Tuesday, August 4, 2009

Boom And Bust

It's pretty easy to blog about solar subsidies, poor urban design, bad American culture...pretty easy when times are good. Back in 2004, at the height of American culture, we couldn't give a rat's ass about health care for all, climate change, public transportation; we were happy enough with our electric grid, wind and solar were still decades away, life was good on a debt-fueled binge of ever increasing home values and cheap gasoline.

Now we are wondering -- how are each of us gonna pay back the $80,000, more or less, that the federal government has snatched to keep this economic house of cards standing, to fund all future unfunded liabilities...on top of the $9,300 of perpetual individual debt that each Merikan already owes forever?

In that regard, my bitching about how SMUD pays my excess solar generation seems trivial, to say the least.

At what point will we collectively say "no to universal health care, we can't afford it." Or "no to climate change, we can't afford it." Or "no to renewables, they're too expensive?" We might be at that point now, only a few short months into our depression economic downturn.

Bad times or good, we will have to push through mandates for renewable energies. We ought to find a better solution (whatever that might be) to our health care system.

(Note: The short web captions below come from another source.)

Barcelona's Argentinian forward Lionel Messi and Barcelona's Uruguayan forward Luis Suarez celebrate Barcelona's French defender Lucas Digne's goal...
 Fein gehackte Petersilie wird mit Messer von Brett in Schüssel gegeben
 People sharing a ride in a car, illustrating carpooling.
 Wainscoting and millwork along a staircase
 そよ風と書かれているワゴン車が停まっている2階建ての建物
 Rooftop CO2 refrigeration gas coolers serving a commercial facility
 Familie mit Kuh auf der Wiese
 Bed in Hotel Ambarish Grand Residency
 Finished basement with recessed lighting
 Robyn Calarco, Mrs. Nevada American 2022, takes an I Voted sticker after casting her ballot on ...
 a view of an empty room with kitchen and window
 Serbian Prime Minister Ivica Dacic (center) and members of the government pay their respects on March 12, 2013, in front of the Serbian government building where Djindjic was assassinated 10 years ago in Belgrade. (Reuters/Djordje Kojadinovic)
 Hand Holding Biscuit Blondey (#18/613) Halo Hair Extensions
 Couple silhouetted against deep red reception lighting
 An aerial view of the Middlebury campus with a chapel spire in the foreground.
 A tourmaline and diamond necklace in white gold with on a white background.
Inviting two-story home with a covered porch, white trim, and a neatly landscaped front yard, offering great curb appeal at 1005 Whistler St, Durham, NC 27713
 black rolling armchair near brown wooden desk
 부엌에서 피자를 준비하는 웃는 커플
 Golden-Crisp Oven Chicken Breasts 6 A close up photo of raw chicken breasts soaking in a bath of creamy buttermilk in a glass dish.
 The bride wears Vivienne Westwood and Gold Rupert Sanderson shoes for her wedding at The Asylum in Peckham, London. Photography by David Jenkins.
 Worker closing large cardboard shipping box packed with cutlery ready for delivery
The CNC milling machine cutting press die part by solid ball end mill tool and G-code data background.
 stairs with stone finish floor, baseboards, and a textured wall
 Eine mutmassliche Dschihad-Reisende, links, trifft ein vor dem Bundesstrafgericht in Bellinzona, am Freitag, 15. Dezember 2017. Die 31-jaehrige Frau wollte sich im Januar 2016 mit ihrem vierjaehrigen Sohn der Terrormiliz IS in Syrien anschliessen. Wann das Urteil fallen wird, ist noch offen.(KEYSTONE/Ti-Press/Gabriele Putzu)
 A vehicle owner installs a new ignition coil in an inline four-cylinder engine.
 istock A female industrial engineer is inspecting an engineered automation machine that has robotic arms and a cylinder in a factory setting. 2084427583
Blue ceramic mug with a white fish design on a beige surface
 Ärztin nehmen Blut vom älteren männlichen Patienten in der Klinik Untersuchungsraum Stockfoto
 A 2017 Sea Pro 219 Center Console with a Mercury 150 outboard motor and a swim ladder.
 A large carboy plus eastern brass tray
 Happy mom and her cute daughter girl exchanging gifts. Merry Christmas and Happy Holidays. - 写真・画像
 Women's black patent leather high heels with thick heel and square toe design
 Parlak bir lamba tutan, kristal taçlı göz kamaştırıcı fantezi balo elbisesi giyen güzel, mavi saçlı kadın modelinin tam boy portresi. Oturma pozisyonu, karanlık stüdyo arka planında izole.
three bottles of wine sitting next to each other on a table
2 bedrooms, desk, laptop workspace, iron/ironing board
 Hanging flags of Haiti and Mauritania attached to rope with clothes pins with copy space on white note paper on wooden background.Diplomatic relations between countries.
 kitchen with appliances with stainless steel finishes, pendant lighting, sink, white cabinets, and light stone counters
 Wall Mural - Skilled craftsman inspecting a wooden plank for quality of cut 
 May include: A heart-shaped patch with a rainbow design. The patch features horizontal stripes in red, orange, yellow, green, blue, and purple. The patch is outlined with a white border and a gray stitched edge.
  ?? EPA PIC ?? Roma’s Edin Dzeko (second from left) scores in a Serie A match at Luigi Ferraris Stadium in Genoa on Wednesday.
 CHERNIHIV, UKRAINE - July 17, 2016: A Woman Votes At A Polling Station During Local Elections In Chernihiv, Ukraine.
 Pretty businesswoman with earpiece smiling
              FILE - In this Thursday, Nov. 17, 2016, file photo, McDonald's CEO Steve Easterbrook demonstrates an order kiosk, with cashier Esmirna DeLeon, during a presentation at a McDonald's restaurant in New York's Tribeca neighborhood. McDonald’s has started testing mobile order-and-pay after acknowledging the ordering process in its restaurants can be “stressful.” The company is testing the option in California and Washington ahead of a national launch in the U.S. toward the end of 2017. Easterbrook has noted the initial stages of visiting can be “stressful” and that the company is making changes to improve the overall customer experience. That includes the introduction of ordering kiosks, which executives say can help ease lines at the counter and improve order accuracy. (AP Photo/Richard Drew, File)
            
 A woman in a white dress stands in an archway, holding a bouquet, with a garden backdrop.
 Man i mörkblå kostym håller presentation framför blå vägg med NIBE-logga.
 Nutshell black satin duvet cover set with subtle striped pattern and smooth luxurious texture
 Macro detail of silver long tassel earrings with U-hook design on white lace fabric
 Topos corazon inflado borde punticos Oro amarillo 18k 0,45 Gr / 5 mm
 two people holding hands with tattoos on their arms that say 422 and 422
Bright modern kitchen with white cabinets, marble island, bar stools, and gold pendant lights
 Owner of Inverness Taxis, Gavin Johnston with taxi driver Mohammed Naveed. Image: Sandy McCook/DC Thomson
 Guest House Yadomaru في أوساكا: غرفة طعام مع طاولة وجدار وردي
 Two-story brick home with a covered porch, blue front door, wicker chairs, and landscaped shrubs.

These aren't things that can be pursued only during boom times. we have to push through now.

This is an impossible task in my Merika, methinks. The biggest obstacle, in my humble opinion, is that we are going to attempt to sustain the unsustainable at all costs. That's exactly why we have Cash for Clunkers. That's exactly why we are throwing billions to stem foreclosures to stop housal unit prices from falling further. Why a massive chunk of our stimulus is to build more fucking roads. Fundamentally, we haven't had any Change to Believe In. We are doing all we can to keep an unsustainable Way Of Life. All we're wishing for is for our "consumers" to start consuming consumables once again, and once we do that then we're back on the unsustainable track again.